Supplied records →

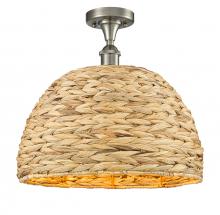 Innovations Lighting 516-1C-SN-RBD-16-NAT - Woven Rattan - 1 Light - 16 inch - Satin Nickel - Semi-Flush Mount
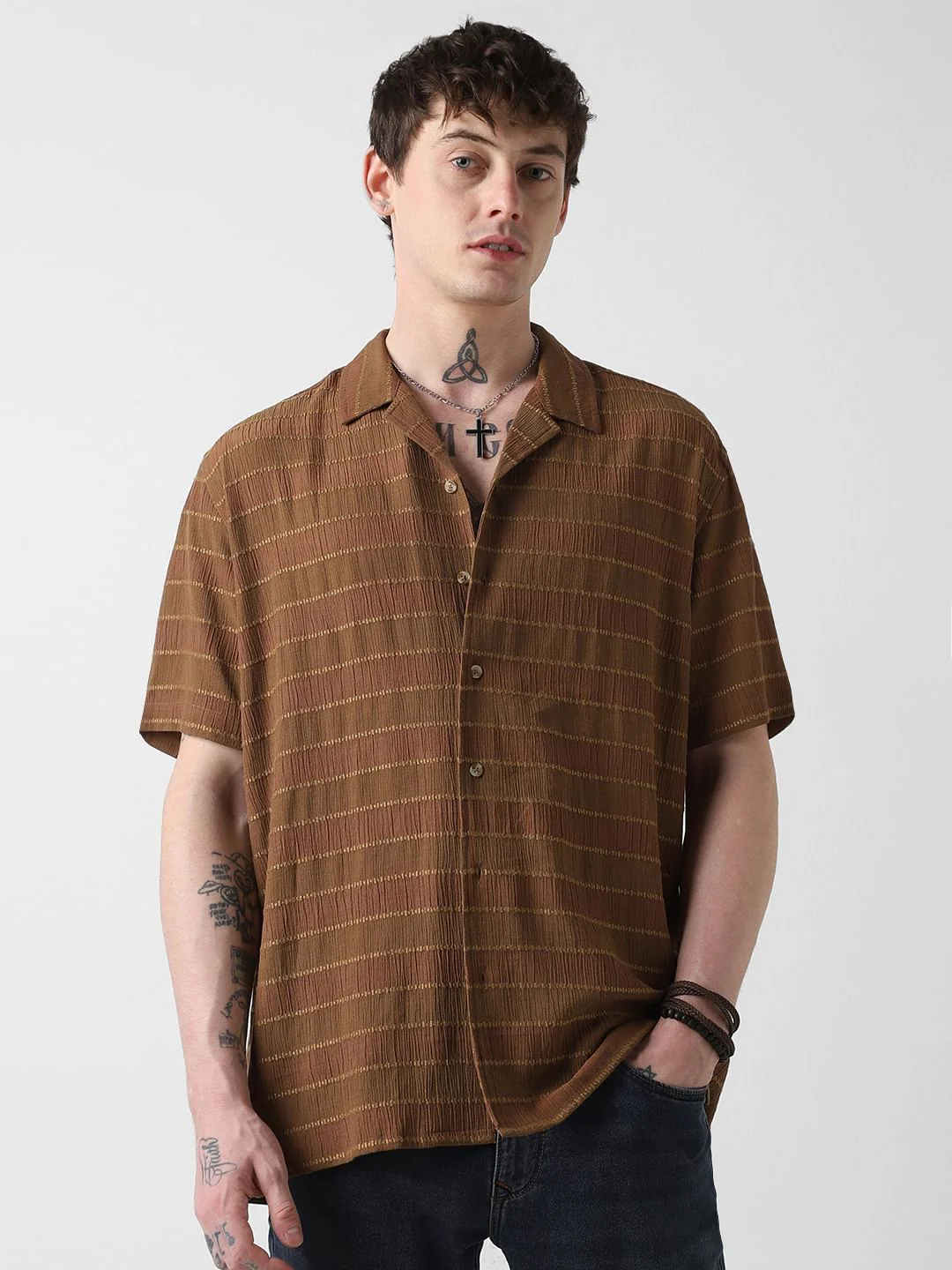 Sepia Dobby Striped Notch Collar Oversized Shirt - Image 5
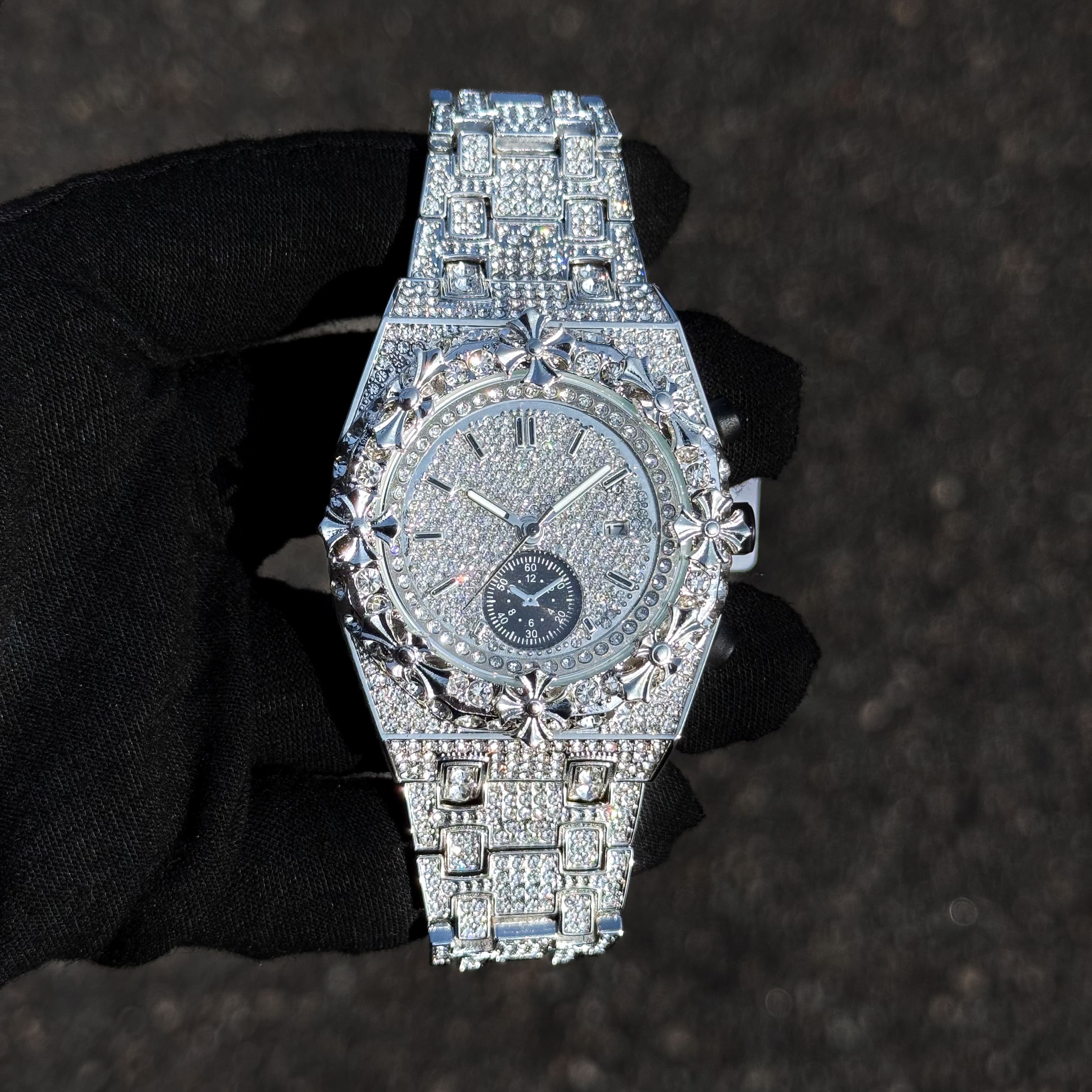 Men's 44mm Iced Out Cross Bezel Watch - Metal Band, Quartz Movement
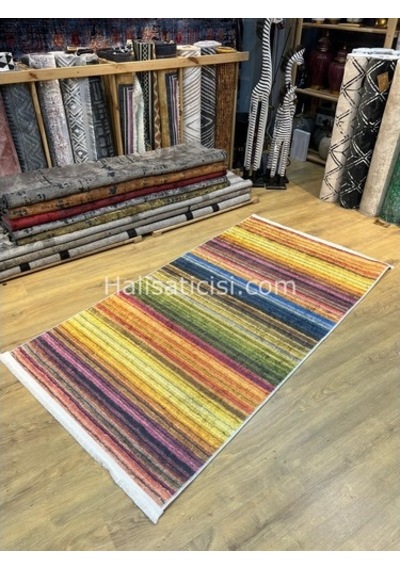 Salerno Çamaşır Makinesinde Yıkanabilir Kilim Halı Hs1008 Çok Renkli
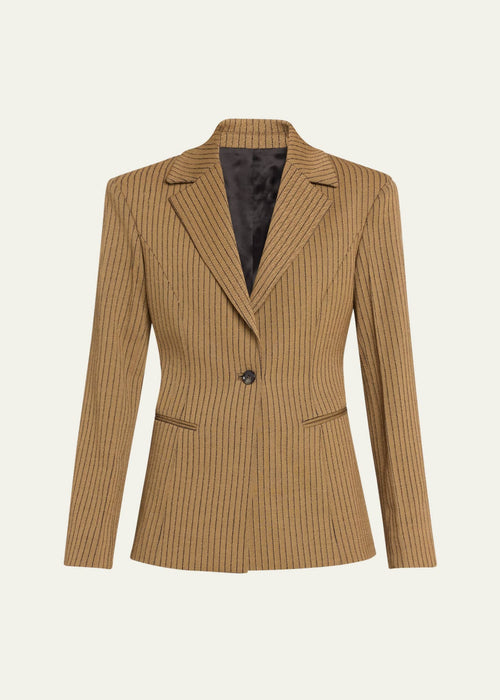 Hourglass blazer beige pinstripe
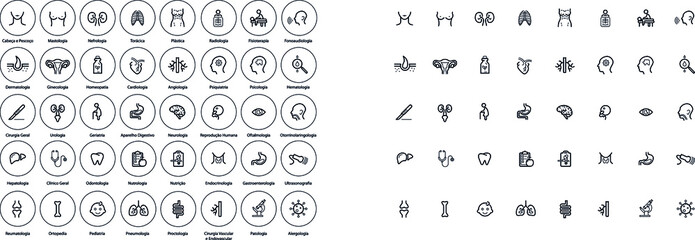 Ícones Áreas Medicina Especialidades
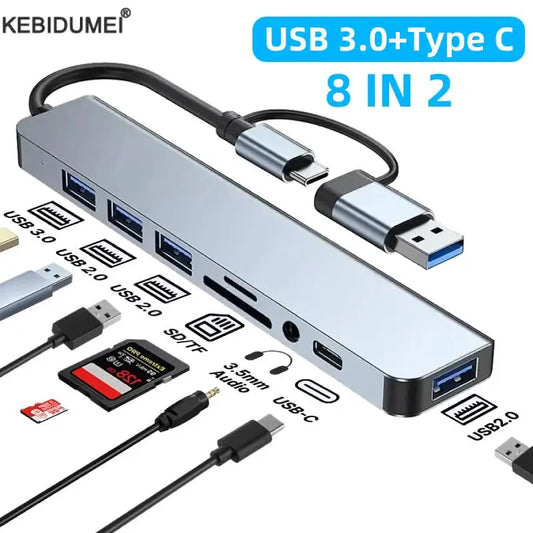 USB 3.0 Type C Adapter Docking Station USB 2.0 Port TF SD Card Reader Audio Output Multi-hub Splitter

Required action →
Your answer must be an exact copy of the lines above, from the line that contains "Sepia Dobby Striped" through the final line, with no pictures in it.

Answer to this problem →
 Sepia Dobby Striped Notch Collar Oversized Shirt - Image 5
 Men's 44mm Iced Out Cross Bezel Watch - Metal Band, Quartz Movement
 Salerno Çamaşır Makinesinde Yıkanabilir Kilim Halı Hs1008 Çok Renkli
 Hourglass blazer beige pinstripe
 Ícones Áreas Medicina Especialidades
 USB 3.0 Type C Adapter Docking Station USB 2.0 Port TF SD Card Reader Audio Output Multi-hub Splitter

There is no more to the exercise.